In stochastic depth resnet test, you can see variable cmd_str, which means that it calls some console command which uses some external SD-resnet training code. The variable 'stochastic_depth_dir' should correctly specify SD-resnet training code, which is in the repo of provided link above.

Cifar10_weight is just another version of mnist_weight.
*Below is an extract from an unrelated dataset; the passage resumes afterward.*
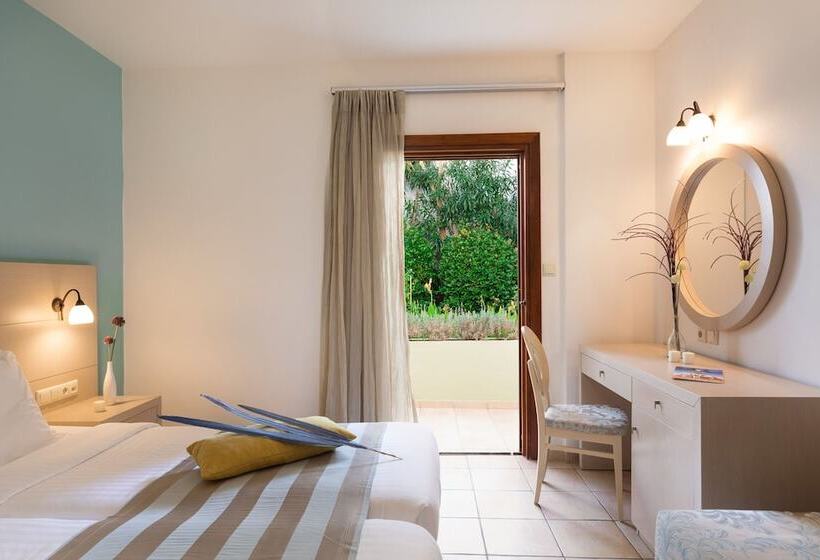 اتاق استاندارد با چشم‌انداز باغ, Alianthos Garden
aminnayebi commented 5 years ago

To run Cifar10_weight, I downloaded the code that you provided and put them in a directory that matches 'stochastic_depth_dir' variable (The code is in 'img_classification_pk_pytorch' folder in my home derctory). But still when I want to run it I get this error:

Traceback (most recent call last): File "HyperSphere/HyperSphere/test_functions/cifar10_weight.py", line 98, in print('Return value : ', _stochastic_depth_resnet(torch.rand(54), 'cifar100+')) File "HyperSphere/HyperSphere/test_functions/cifar10_weight.py", line 67, in _stochastic_depth_resnet probability_file = open(probability_filename, 'w') IOError: [Errno 2] No such file or directory: '/home/u22/aminnayebi/img_classification_pk_pytorch/save/stochastic_depth_death_rate_cifar100+_20190104-21:46:38:494967.pkl'

Thank you.

ChangYong-Oh commented 5 years ago

cifar10_weight is not complete code. I don't recommend to run that code and that was not used for the paper. Anyways in the error message, it says there is no file or directory, which means that your path setting is incorrect or you don't have such file

aminnayebi commented 5 years ago

Yes, there is no such file. Actually, it seems that your code is calling a pickle file which does not exist. How about the 'stochastic_depth_resnet' test function. Is that complete? Because when I want to run that file, I am still getting the same above error.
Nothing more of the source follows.